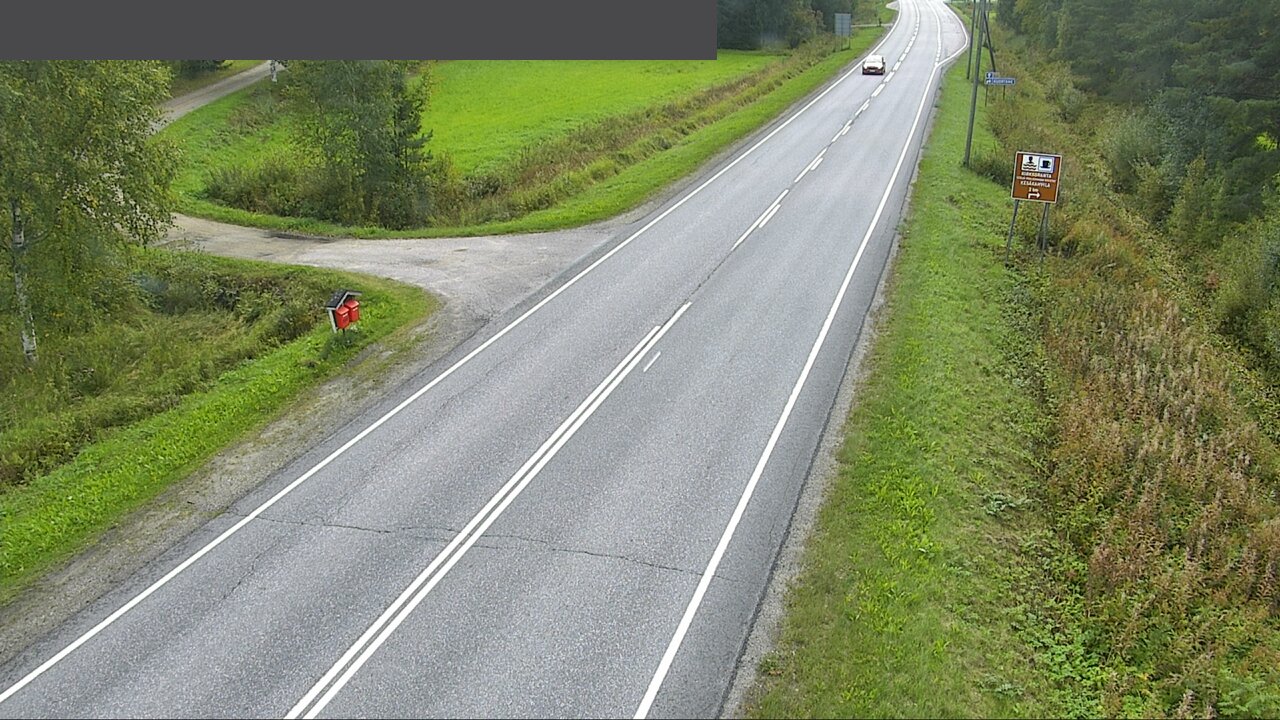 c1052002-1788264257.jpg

#####

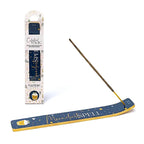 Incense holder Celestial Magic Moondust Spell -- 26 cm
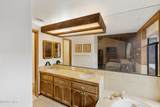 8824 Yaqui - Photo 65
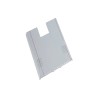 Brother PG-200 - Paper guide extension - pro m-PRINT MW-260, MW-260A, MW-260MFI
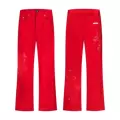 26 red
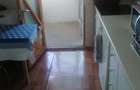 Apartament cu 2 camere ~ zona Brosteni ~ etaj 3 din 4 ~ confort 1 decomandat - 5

#####

◆ Work to complete
Output only the lines above from the one containing "8824 Yaqui - Photo 65" to the one containing "Apartament cu 2", both included, exactly as written and with no pictures.

◆ Response area
 8824 Yaqui - Photo 65
 Brother PG-200 - Paper guide extension - pro m-PRINT MW-260, MW-260A, MW-260MFI
 26 red
 Apartament cu 2 camere ~ zona Brosteni ~ etaj 3 din 4 ~ confort 1 decomandat - 5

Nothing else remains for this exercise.